Scan the entries below for the string "Drive" and copy every line where it turns up.

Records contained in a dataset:
────────────────
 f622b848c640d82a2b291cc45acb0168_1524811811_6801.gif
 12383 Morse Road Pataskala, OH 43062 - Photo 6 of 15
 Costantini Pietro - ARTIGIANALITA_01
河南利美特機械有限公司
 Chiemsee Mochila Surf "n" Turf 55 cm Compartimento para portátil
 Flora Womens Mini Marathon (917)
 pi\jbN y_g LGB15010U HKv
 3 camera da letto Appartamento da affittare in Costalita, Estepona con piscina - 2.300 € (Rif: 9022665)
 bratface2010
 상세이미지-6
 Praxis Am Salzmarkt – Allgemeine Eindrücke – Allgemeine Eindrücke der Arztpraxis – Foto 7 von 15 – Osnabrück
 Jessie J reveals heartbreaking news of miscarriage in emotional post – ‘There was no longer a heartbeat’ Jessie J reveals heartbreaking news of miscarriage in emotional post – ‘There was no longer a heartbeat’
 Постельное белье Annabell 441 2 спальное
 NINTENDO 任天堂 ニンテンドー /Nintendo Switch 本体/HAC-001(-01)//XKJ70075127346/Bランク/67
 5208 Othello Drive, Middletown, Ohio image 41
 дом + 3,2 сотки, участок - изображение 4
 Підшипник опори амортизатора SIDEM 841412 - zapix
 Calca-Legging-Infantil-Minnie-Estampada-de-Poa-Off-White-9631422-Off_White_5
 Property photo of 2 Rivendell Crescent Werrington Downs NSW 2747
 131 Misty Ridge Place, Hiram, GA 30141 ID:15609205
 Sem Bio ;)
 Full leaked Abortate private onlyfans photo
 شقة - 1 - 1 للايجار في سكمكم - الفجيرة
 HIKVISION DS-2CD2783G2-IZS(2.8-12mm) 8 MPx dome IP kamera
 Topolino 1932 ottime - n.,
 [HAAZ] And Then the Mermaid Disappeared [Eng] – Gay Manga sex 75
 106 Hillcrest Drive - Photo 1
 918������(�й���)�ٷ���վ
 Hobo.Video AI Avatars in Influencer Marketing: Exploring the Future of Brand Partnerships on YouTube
────────────────
▸ Exercise answer
 5208 Othello Drive, Middletown, Ohio image 41
 106 Hillcrest Drive - Photo 1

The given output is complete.